Supplied entries
# # # # #
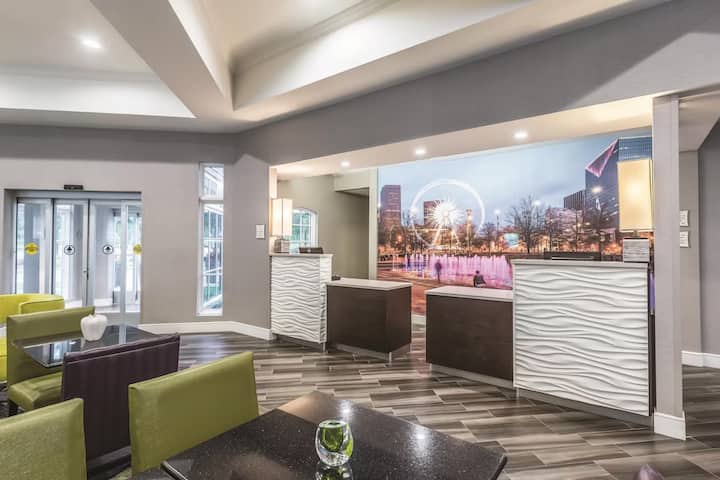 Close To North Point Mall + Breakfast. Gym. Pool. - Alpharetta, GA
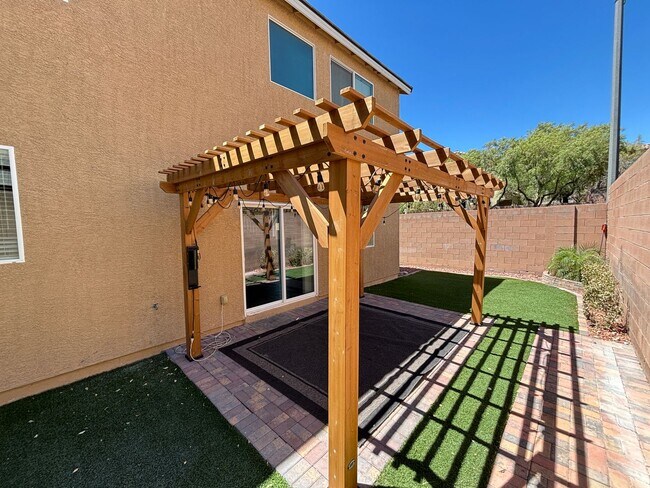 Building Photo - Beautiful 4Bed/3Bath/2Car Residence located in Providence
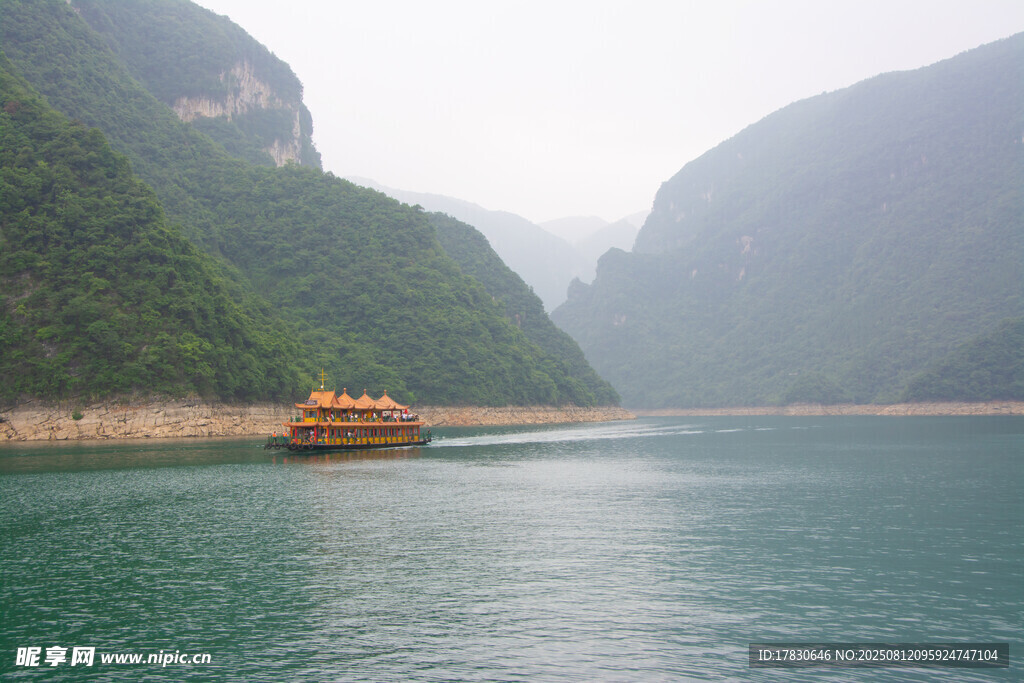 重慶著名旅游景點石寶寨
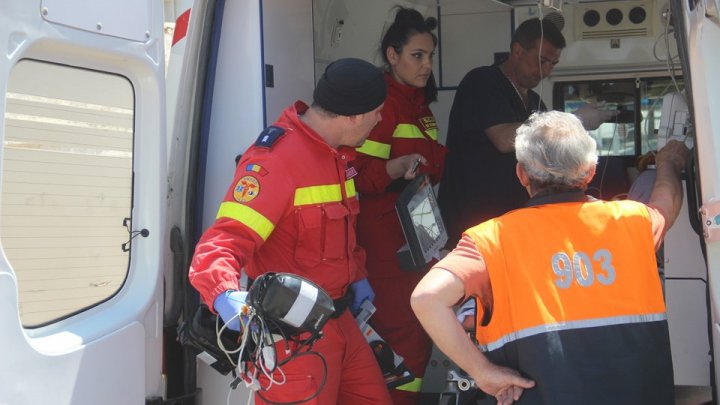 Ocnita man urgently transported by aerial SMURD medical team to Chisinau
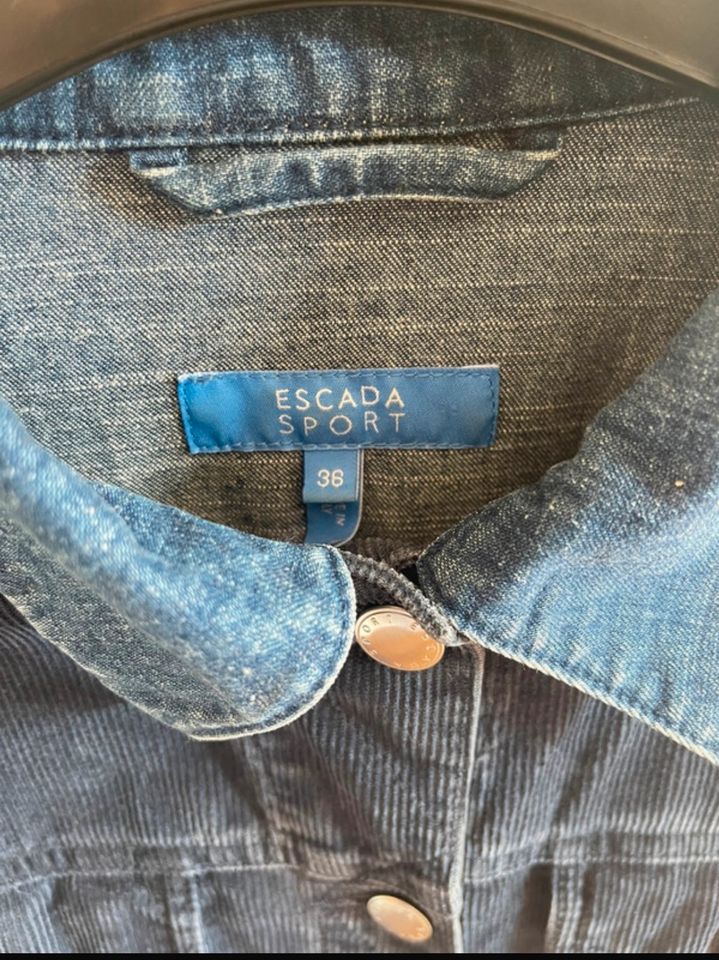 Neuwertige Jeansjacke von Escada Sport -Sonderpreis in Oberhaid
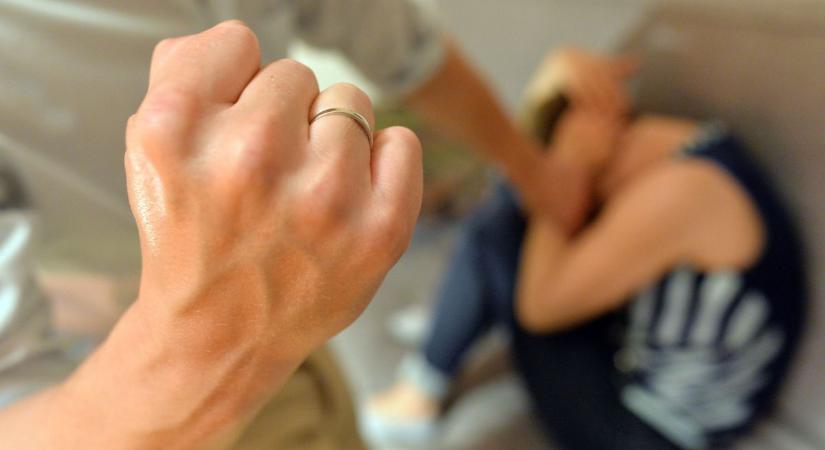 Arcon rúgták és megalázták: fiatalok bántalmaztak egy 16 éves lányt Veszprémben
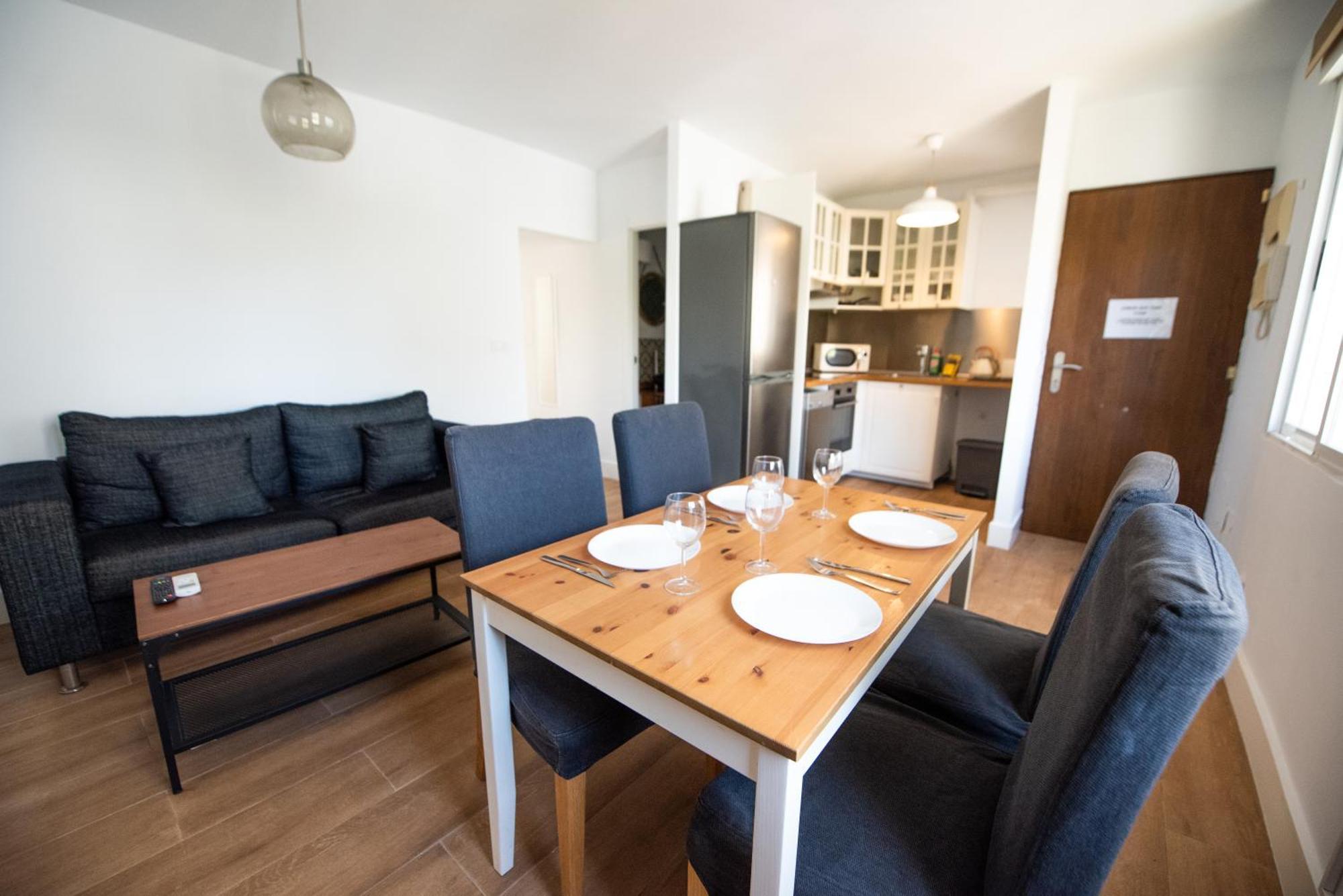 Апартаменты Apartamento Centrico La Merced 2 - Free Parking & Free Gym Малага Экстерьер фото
# # # # #
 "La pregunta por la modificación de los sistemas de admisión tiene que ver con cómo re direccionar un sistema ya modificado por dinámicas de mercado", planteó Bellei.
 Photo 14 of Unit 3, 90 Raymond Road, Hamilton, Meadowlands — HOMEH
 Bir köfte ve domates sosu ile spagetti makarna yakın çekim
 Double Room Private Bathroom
# # # # #
What is needed
Starting at the line containing "Ocnita man urgently" and finishing at the line containing "Апартаменты Apartamento Centrico", return those lines exactly as they appear above, without the pictures.

Solution to this exercise
 Ocnita man urgently transported by aerial SMURD medical team to Chisinau
 Neuwertige Jeansjacke von Escada Sport -Sonderpreis in Oberhaid
 Arcon rúgták és megalázták: fiatalok bántalmaztak egy 16 éves lányt Veszprémben
 Апартаменты Apartamento Centrico La Merced 2 - Free Parking & Free Gym Малага Экстерьер фото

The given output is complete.